Mary J. Blige Says Black Community ‘Will Be Stronger In The Future’ Despite Dying ‘At The Hands Of Police Or A KKK Man’
Mary J. Blige Says Black Community ‘Will Be Stronger In The Future’ Despite Dying ‘At The Hands Of Police Or A KKK Man’
Mary J. Blige has been going strong for nearly 30 years, but now she’s explained that it took her a while to realize the responsibility she has as a celebrity. She said during an interview with Garage that learning and embracing her star power was one of the biggest lessons she’s learned throughout the span of her iconic career.
“Responsibility for this whole platform you have. Okay, you’re a huge singer now. You have a responsibility to your fans, and it’s a huge responsibility that also comes with how you treat yourself and how you treat people. The reason why I know [this] really, really well is because the early part of my career, I didn’t understand the responsibility, and I would just go off on people for just messing with me.”
She continued:
“Once you hit that feeding frenzy and your songs are playing worldwide on a radio station, you are now responsible for the people that love you, and you have to respect them as much as you can. And if you can respect yourself and look at your job as a priority—this is a job now, okay?—and if a reporter asked the same dumb question over and over and over again, and here comes the other one that asks you the same dumb question over and over again, guess what? That’s their job. You have to respect that. That’s your responsibility, because what if they didn’t want to speak to you at all?”
She added that she has to intentionally not get bothered when paparazzi and reporters come her way.

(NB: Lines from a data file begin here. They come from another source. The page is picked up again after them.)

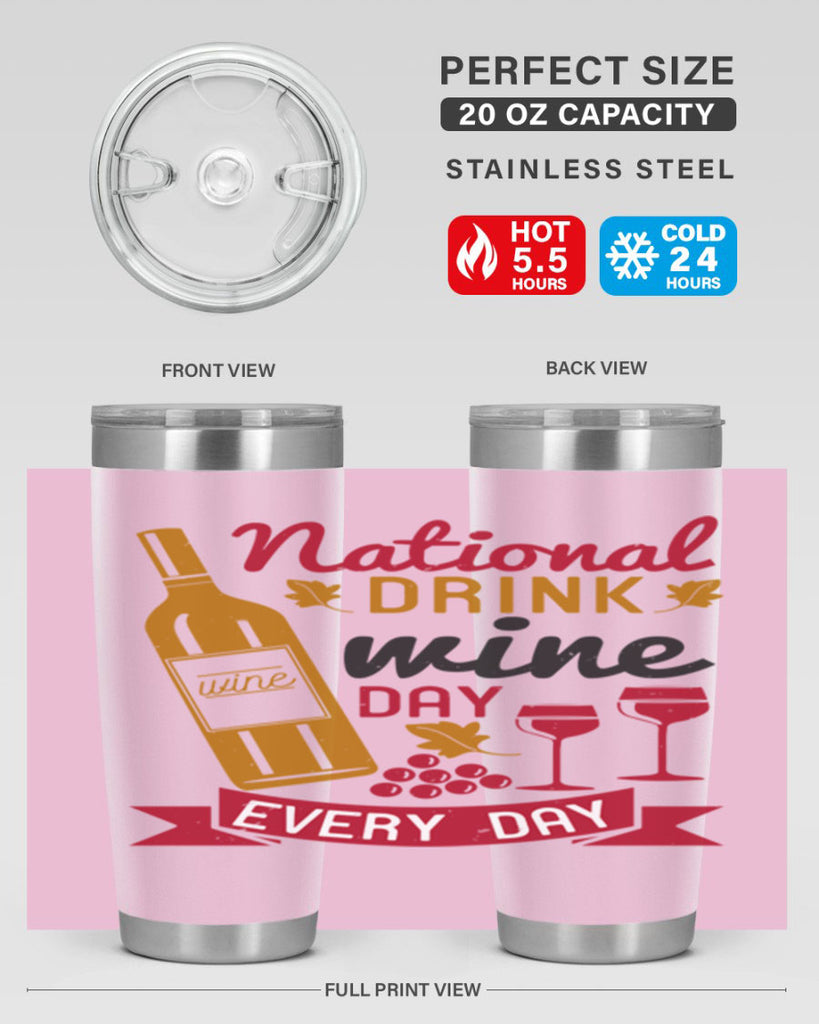 national drink wine day every day 127#- wine- Tumbler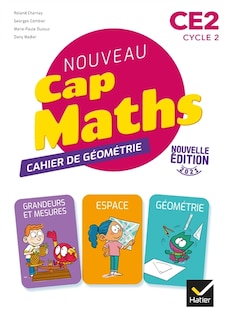 Nouveau Cap maths, CE2, cycle 2: cahier de géométrie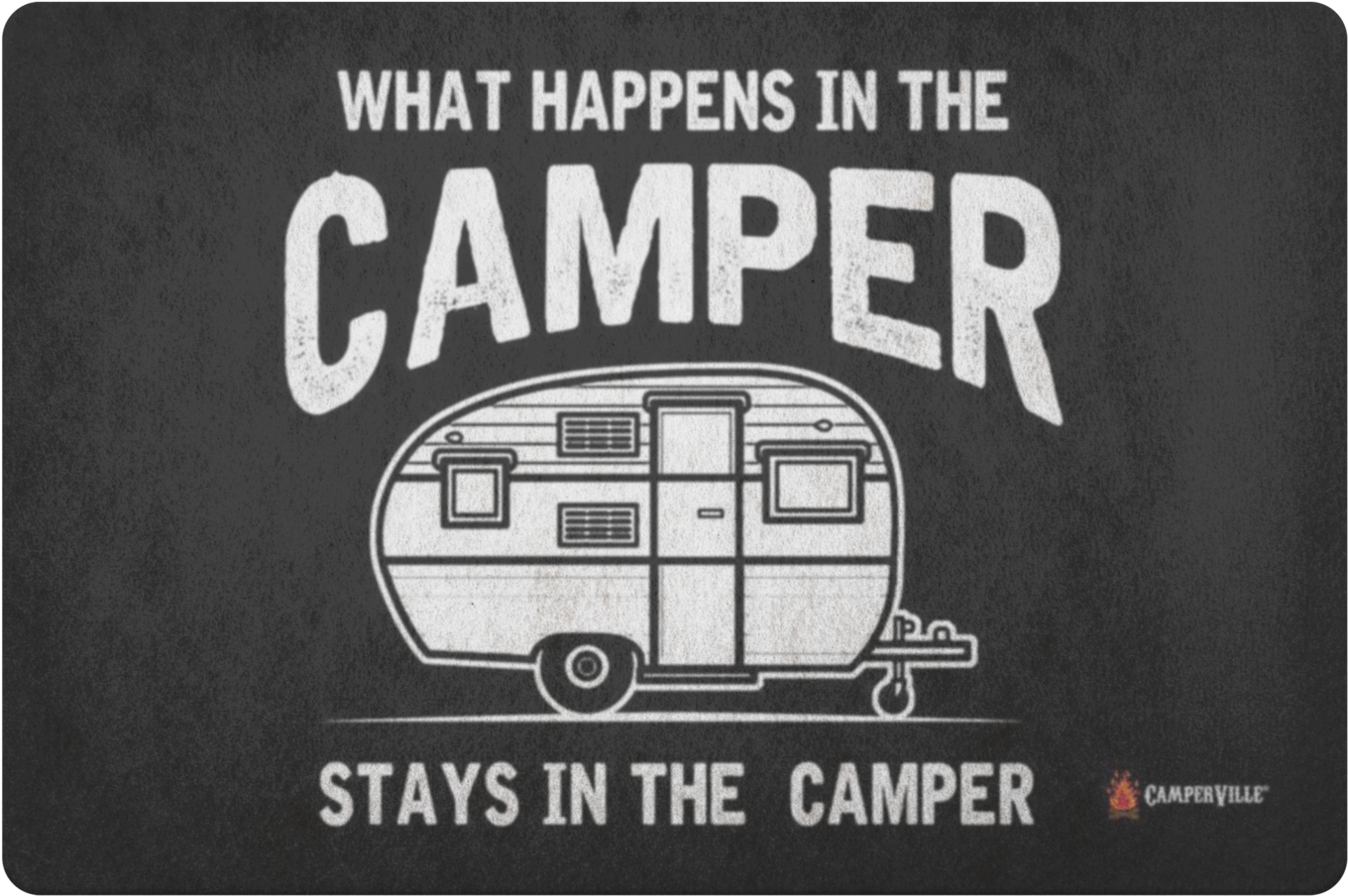 "what Happens In The Camper Stays In The Camper" - Volkswagen (1400x1400), Png Download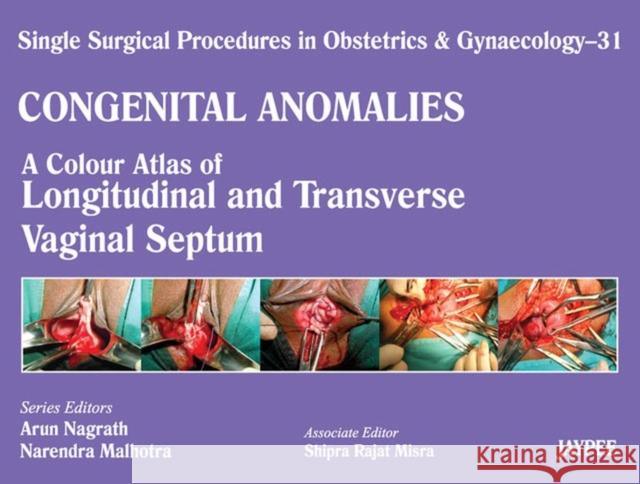 Single Surgical Procedures in Obstetrics and Gynaecology - Volume 31 : A Colour Atlas of Longitudenal and Transverse Vaginal Septum Arun Nagrath 9789350900802 Jaypee Brothers Medical Publishers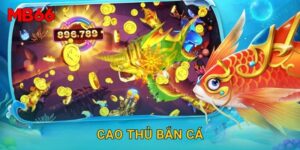 Cao Thủ Bắn Cá chinh phục đại dương tại Mb66 hôm nay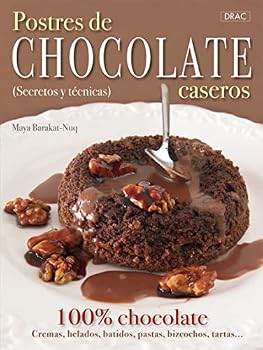 Postres de chocolate caseros / Homemade chocolate desserts: Secretos y tecnicas / Secrets and Techniques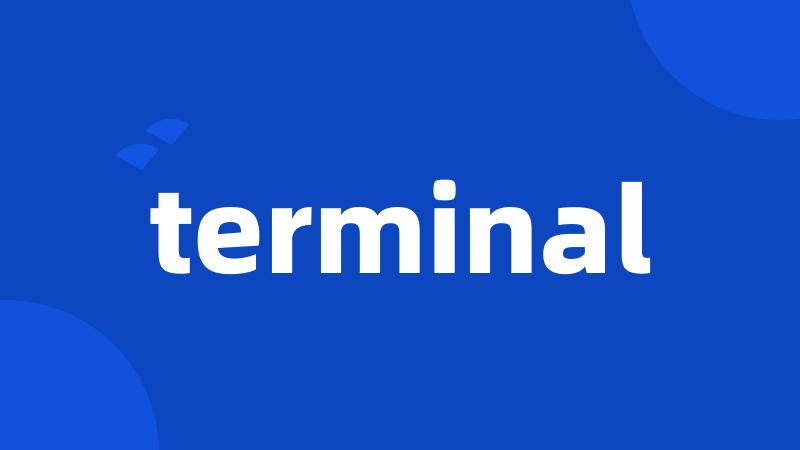 terminal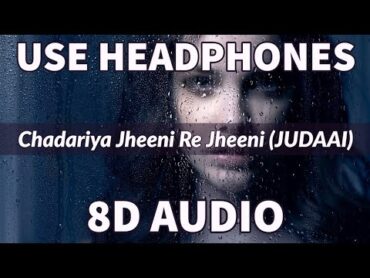 Judaai (Chadariya Jheeni Re Jheeni)  Badlapur song  Romantic song  Dolby 8D Sound  Impulse music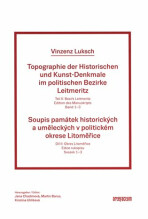 Soupis památek historických a uměleckých v politickém okrese Litoměřice II. - Kristina Uhlíková, ...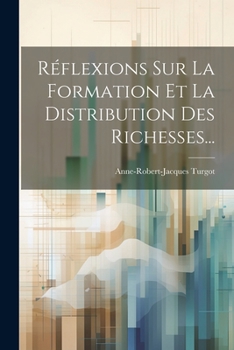 Paperback Réflexions Sur La Formation Et La Distribution Des Richesses... [French] Book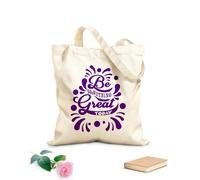 AILOONG Webbing Strap Tote Bag be something great today typography 340g/m² thick fabric Sketching bag
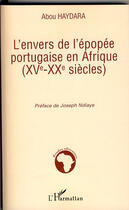 Couverture du livre « L'envers de l'épopée portugaise en afrique ; XV-XX siècles » de Abou Haydara aux éditions L'harmattan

“So I learned the hard way that I’m always working. I go outside right now, I go to SoHo right now, I’m working. So if somebody walks up to me, I can’t [think], ‘D***, here they come.’ Although when they come, you still have to figure out a way to remember, What if they wasn’t coming at all? What if they wasn’t thinking about you at all?”
“Like French Montana said, ‘If you ain’t got no haters, you ain’t popping.’ So that’s a part of the job too, to be able to weather that storm. So it’s really about responsibility for life itself, once you have been given such a huge platform. And you don’t have to do everything that people tell you to do, but you are responsible for people.”
Still, there’s a part of her that the public will never know. She went on to say:
“…The things that you don’t know, you will never know, and that’s what keeps me a mystery—although I’m a very outspoken person. So your biggest responsibility is you. When you give up all of you, it hurts people. People end up dead. Celebrities end up dead when they give up too much of them, and I love myself too much.”
The new “Power” star also spoke on the recent uprising of the Black Lives Matter movement and explained:
“It’s serious right now, and there is some change being made because we have been making the change. But there’s other things; there are other people that are not making the change. So I think as long as we continue to stand up for what we believe in, stand up for each other, stand up for our rights, at some point… The dream was to be treated equally, because we have to live on this Earth with everyone else.”
She described her ideal future and said:
“I guess the future would be for everyone to be treated as an equal. For Black people to be treated like people, and not animals and being slaughtered. Every time you look around, one of us is dying at the hands of a policeman, or just a regular Ku Klux Klan man as he’s walking down the street. I don’t have the politically correct answer, because I just don’t. I just see it as: We’ll be stronger. We’ll be stronger in the future, because we’re already strong people. We’ll be much wiser.”